When Margaret Reid explains how the “Don’t Burn It” campaign differs from other anti-smoking campaigns she includes a somewhat surprising twist about the amount of information DBI chose to leave out. Reid, Director of the Division of Healthy Homes and Community Supports at the Boston Public Health Commission, describes how the decision was made to exclude many of the most insulting and controversial quotes from the big tobacco companies from the ads.
An example of this can be found on the DBI website where they quote an R.J. Reynolds Tobacco Company executive as saying “We don’t smoke that s***t. We just sell it.” What the campaign website does not include is that the same executive goes on to say that the tobacco company reserves the “right” of smoking their products for “the young, the poor, the black, and the stupid.”
“Ultimately we’re still dealing with youth and some of what they say is really painful,” Reid says, “ and we had real debates with our campaign office about some ofthe stuff that was in original drafts that we felt was just too full of hate [to include in the campaign].” In describing why many of the worst things tobacco execs said did not end up on the DBI billboards that pepper T stations and the sides of busses, she also illustrates exactly what it is that makes the Don’t Burn It campaign different from any other before it: its target audience.
“Don’t Burn It”, a new campaign by the BPHC, aims to reduce teen usage of flavored cigars and cigarillos by focusing on the amount of money teens regularly spendon the products. The first image on the campaign’s website, dontburnit.org, shows 15 packs of flavored cigars next to a large equals symbol and a pair of new sneakers.

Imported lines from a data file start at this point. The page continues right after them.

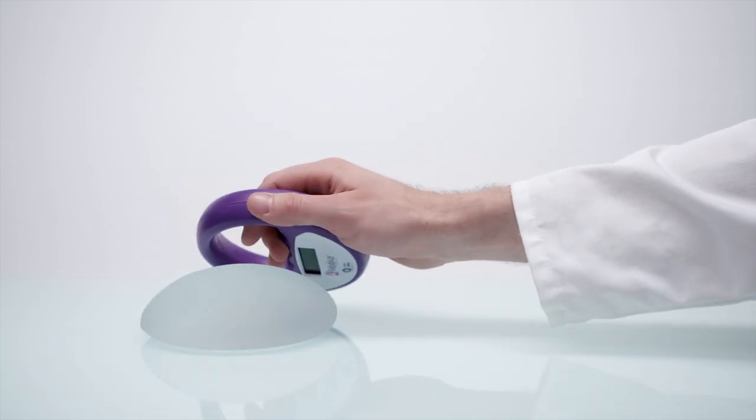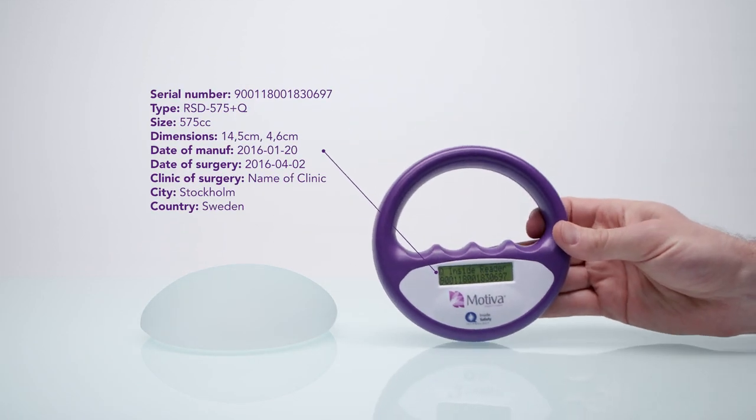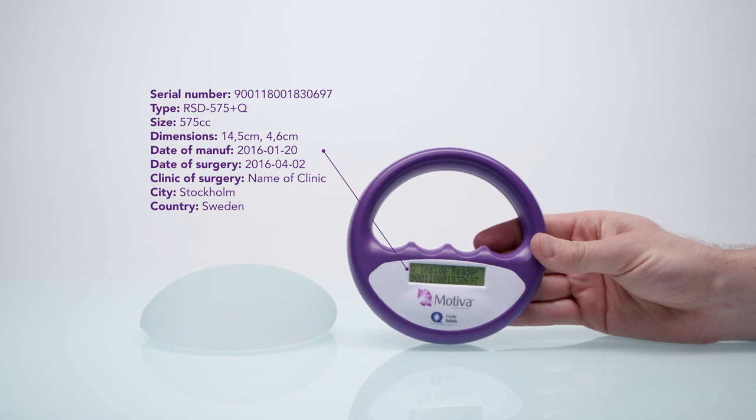Motiva's general warranty covers implant rupture for the entire lifetime of the implant. It also covers a type of capsular contracture specified as Baker Grade 3 and 4 for 10 years. Should any of these complications occur, the implant is replaced free of charge.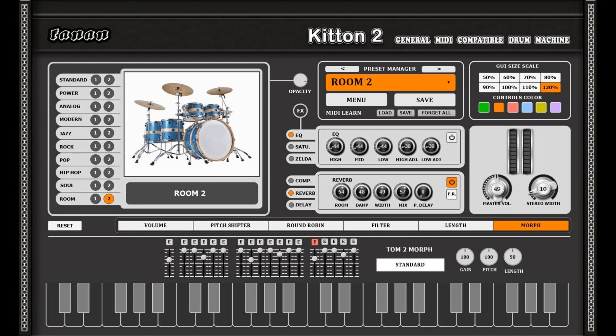Welcome to Music Gears, where we bring you the latest info on new music instruments, software, and other gear from around the world. Fanon Team has released Kit-Ton 2, a free GM compatible drum machine.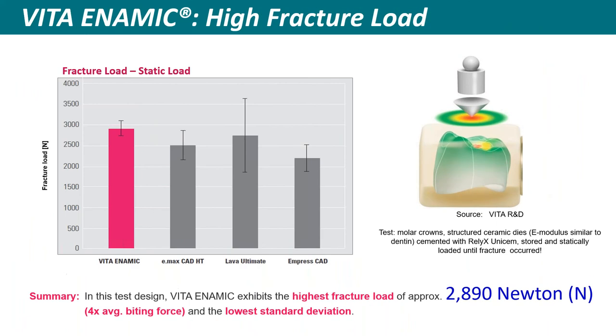For Enamic, those asking 'how strong is it?' — the ISO three-point bending test gives 150 to 160 megapascals. But what does that mean clinically? It means absolutely nothing. A competitor overnight jumped from 360 to 500 megapascals just by changing the test configuration from three-point bending to a biaxial disc — more surface area requires more load to fracture. It's a marketing game. What we're concerned about is the fracture load once it's milled into a restoration. For Enamic, that fracture load is very high — close to 3,000 Newtons — well above the 1,000 Newton threshold for severe bruxers.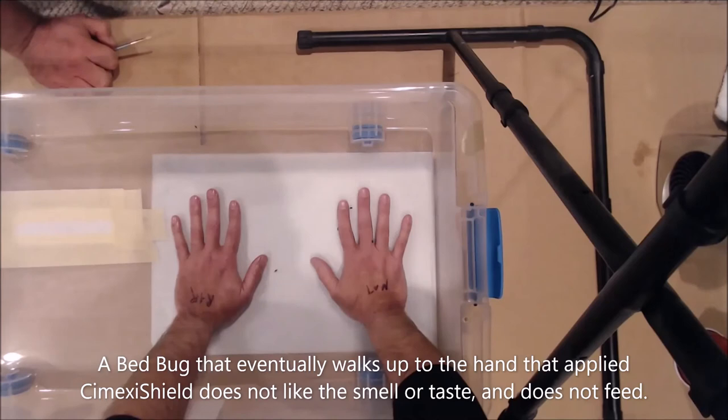As you can see, one, two, three — I think there are four bugs already feeding on that right hand, but there are zero bugs on the left.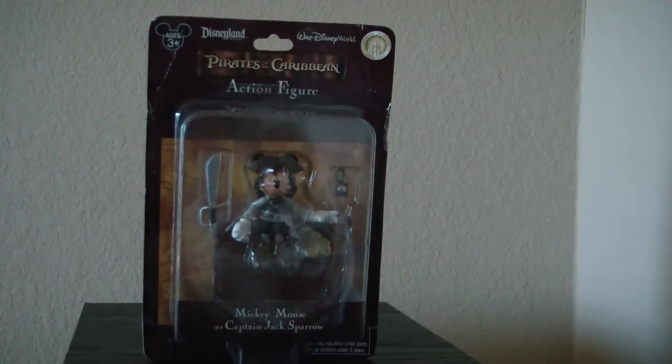Hello, this is MrClown01 and today we are looking at the Pirates of the Caribbean action figure Mickey Mouse as Captain Jack Sparrow.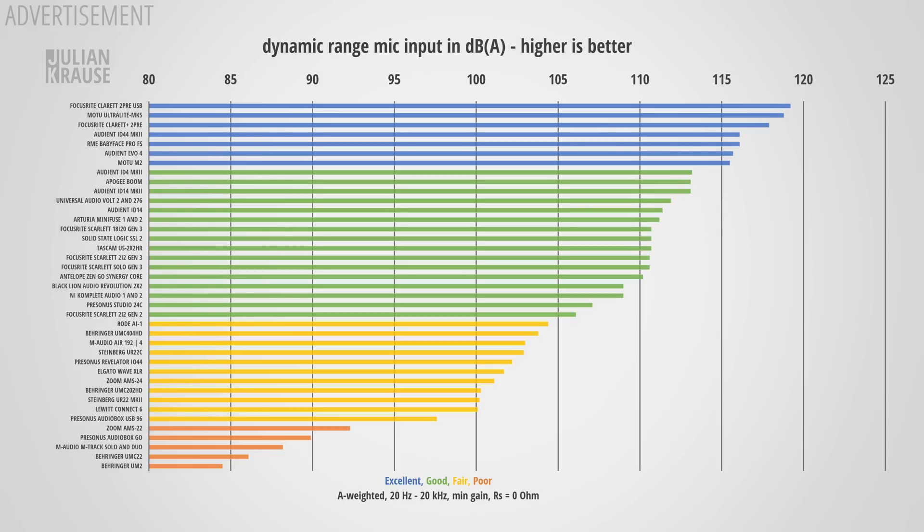The dynamic range is the ratio of the highest signal the interface can capture to its noise floor — naturally you want this as high as possible so that leaving headroom while recording doesn't introduce additional noise. Here the Connect 6 comes in at pretty much exactly 100 dBA. That's not really that impressive given the price, and while 100 dB is fine for most situations, more dynamic sources like drums might be limited by this. For voice recordings it's more than enough.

The next image in the slideshow explains that buying three packs of flavored cigars a week equates to the price of a new laptop in one year.
Black and Latino male youth are the audience that this campaign is aimed at and Reid reveals that this was something she had to remind herself to focus on throughout the creation of the campaign. “Our Creative Director has a sign on her door that says ‘You Are Not The Target Audience,’” laughs Reid, “so whenever we go into her office to complain we get the sign.”

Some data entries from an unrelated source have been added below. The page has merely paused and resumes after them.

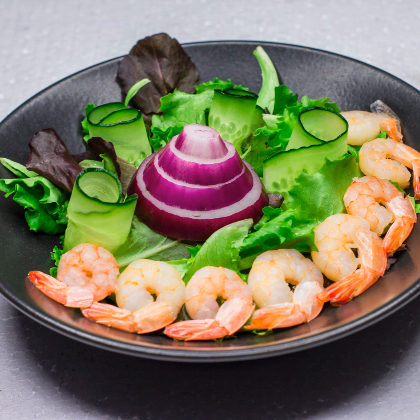Moving on to ingredient choices. Traditional scampi is buttery and heavenly, but if you're keeping an eagle eye on calories, you might want to opt for low-fat or fat-free alternatives. Don't worry — flavor doesn't have to take a backseat. Low-sodium chicken broth and cheeses can come to your rescue, helping you manage your salt intake without sacrificing taste.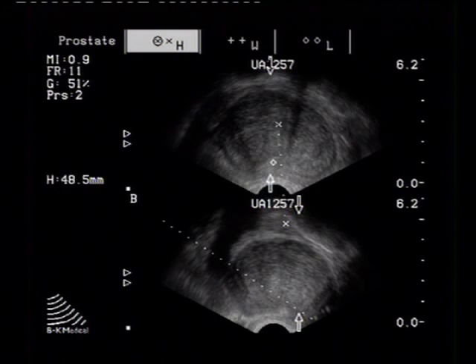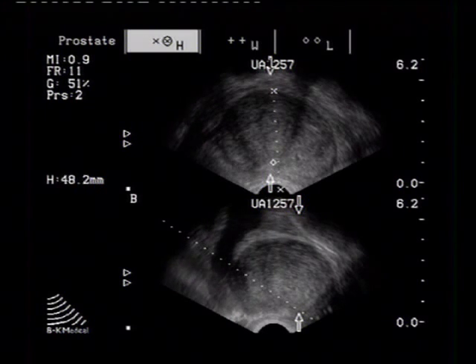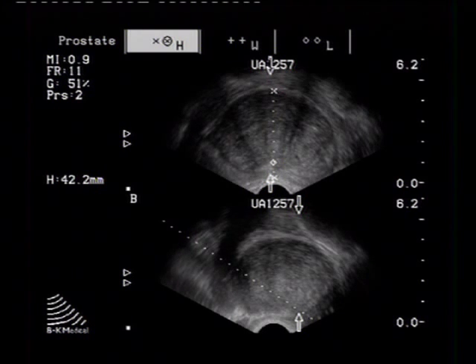The injected local anesthetic takes a few minutes to produce its full effect. During this time we measure the prostate volume.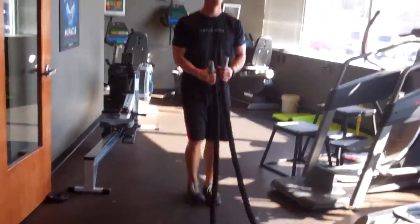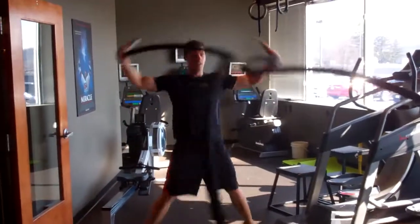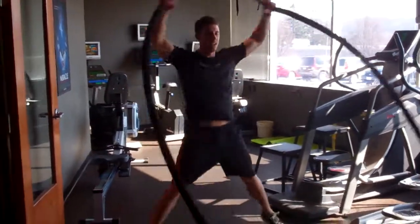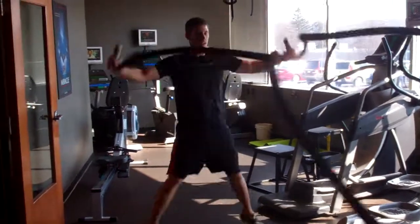All right, so we have a hundred battle jacks as fast as possible. You'll have somebody start the timer for as long as it takes to get a hundred battle jacks.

Part of targeting this audience is a partnership with local hip-hop radio JAM’N 94.5. The contest offers a chance to win a party with radio DJs Ramiro and Pebbles forthe Boston Public High School that gets the most students to sign a pledge not to buy flavored tobacco products.
Whether or not the new campaign will be successful is yet to be seen but the words of one local teen give hope. “Does it make want to stop [smoking]?” questioned Fernando T., 17 of Dorchester. “Honestly?” he admitted, “yeah, sometimes.” And that’s an admission that could signal a huge change in the health of Boston’s youth.